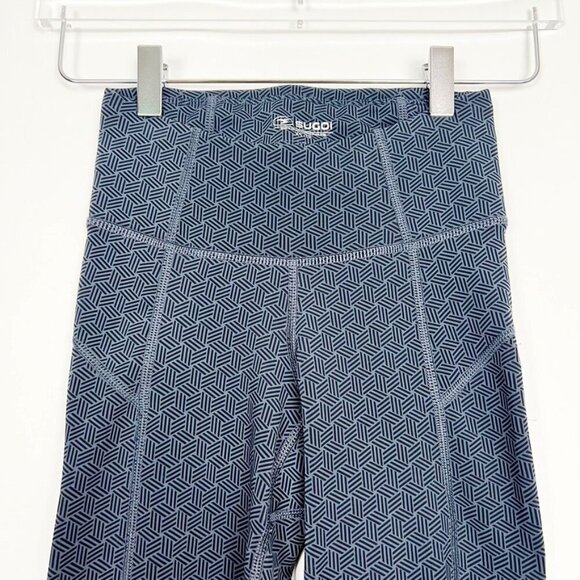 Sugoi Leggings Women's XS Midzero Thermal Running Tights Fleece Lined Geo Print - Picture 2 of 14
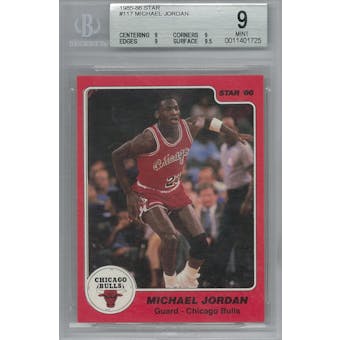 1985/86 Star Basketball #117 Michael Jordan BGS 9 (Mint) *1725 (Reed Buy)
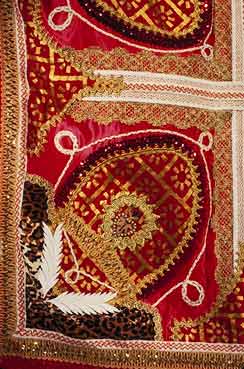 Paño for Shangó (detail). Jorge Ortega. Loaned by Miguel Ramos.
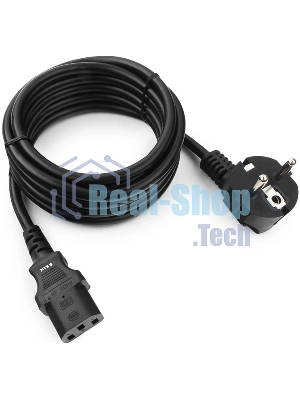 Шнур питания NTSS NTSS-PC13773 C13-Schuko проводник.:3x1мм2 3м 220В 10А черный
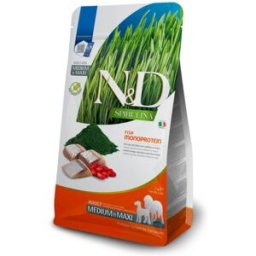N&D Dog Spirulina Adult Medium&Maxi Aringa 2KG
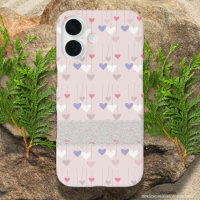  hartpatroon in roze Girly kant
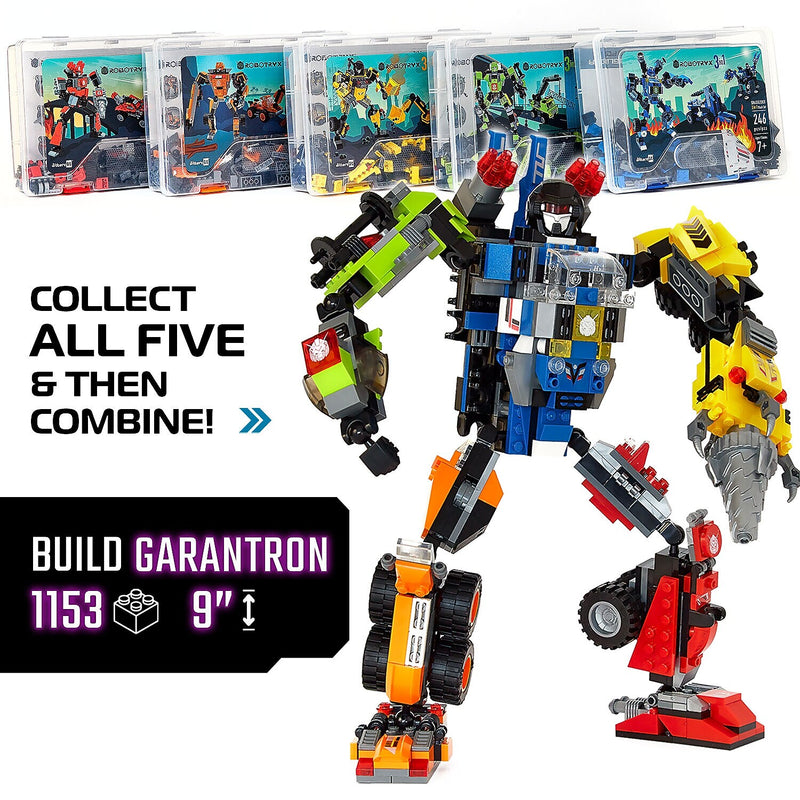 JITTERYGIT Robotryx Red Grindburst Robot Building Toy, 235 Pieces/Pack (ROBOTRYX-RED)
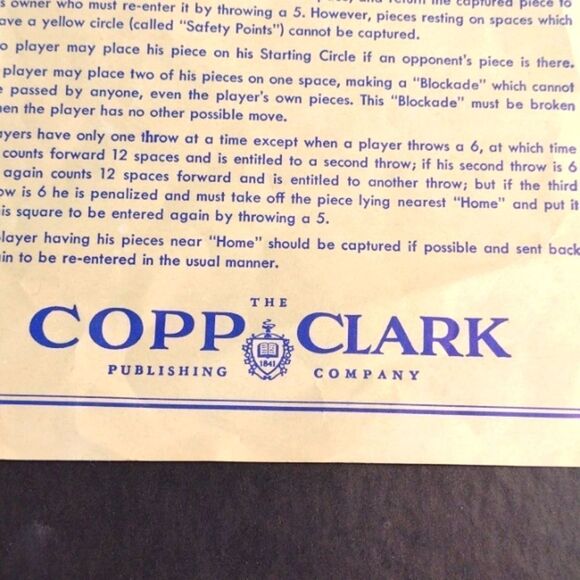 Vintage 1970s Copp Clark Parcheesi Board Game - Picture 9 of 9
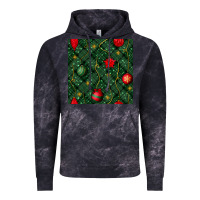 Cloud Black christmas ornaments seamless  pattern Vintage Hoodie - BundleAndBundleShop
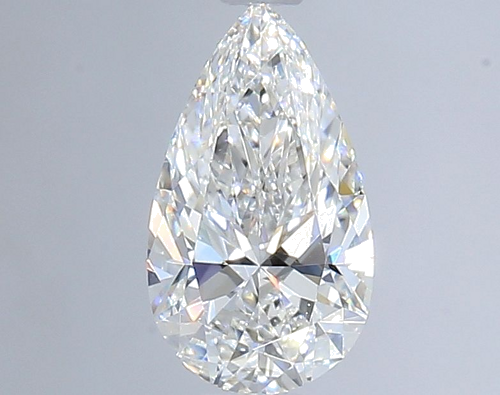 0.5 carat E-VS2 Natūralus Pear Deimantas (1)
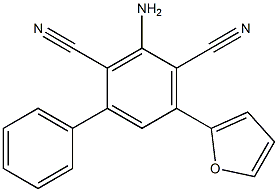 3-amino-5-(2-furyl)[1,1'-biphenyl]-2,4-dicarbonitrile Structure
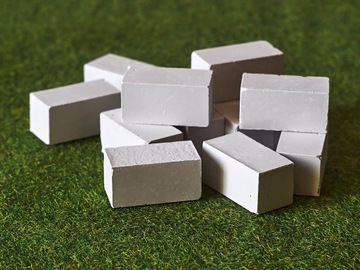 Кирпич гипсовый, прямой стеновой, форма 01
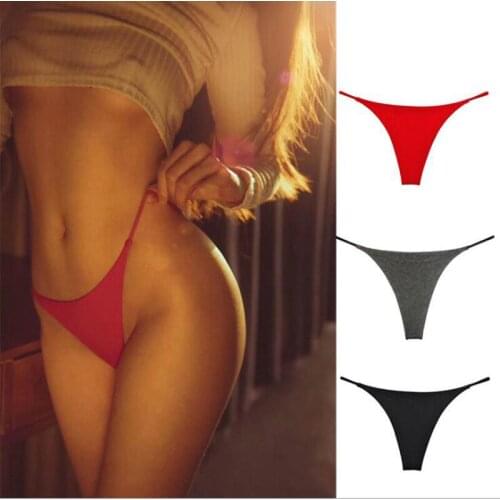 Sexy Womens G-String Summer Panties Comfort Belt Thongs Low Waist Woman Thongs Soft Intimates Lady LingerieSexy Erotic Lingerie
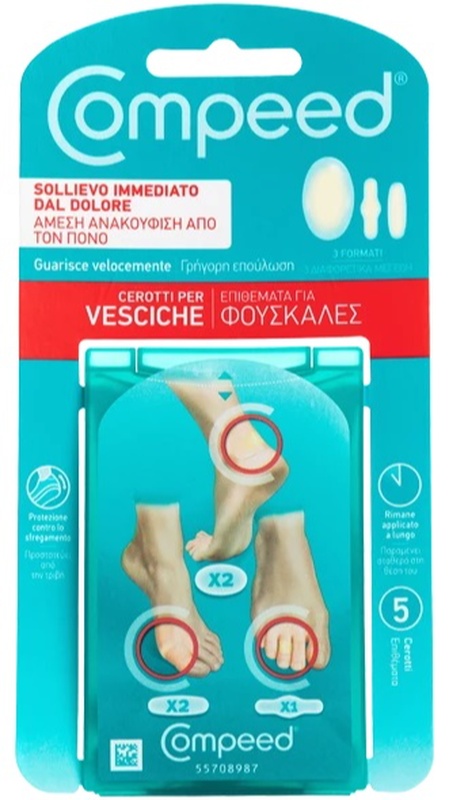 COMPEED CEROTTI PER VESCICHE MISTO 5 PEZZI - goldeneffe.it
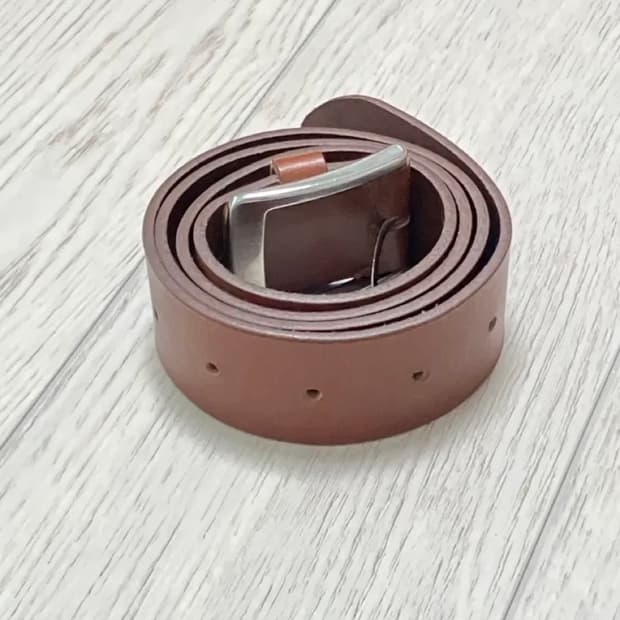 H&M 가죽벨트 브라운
* * *
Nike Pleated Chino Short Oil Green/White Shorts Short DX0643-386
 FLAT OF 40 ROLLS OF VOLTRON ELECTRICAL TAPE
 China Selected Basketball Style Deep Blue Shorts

● Work instructions
Using the listing above, repeat word for word each line from the one with "Sugoi Leggings Women's" down to the one with "H&M 가죽벨트 브라운", both included. Omit all pictures.

● Exercise output
 Sugoi Leggings Women's XS Midzero Thermal Running Tights Fleece Lined Geo Print - Picture 2 of 14
 1985/86 Star Basketball #117 Michael Jordan BGS 9 (Mint) *1725 (Reed Buy)
 Paño for Shangó (detail). Jorge Ortega. Loaned by Miguel Ramos.
 Шнур питания NTSS NTSS-PC13773 C13-Schuko проводник.:3x1мм2 3м 220В 10А черный
N&D Dog Spirulina Adult Medium&Maxi Aringa 2KG
  hartpatroon in roze Girly kant
 JITTERYGIT Robotryx Red Grindburst Robot Building Toy, 235 Pieces/Pack (ROBOTRYX-RED)
 Vintage 1970s Copp Clark Parcheesi Board Game - Picture 9 of 9
 Cloud Black christmas ornaments seamless  pattern Vintage Hoodie - BundleAndBundleShop
 0.5 carat E-VS2 Natūralus Pear Deimantas (1)
 3-amino-5-(2-furyl)[1,1'-biphenyl]-2,4-dicarbonitrile Structure
 Кирпич гипсовый, прямой стеновой, форма 01
 Sexy Womens G-String Summer Panties Comfort Belt Thongs Low Waist Woman Thongs Soft Intimates Lady LingerieSexy Erotic Lingerie
 COMPEED CEROTTI PER VESCICHE MISTO 5 PEZZI - goldeneffe.it
 H&M 가죽벨트 브라운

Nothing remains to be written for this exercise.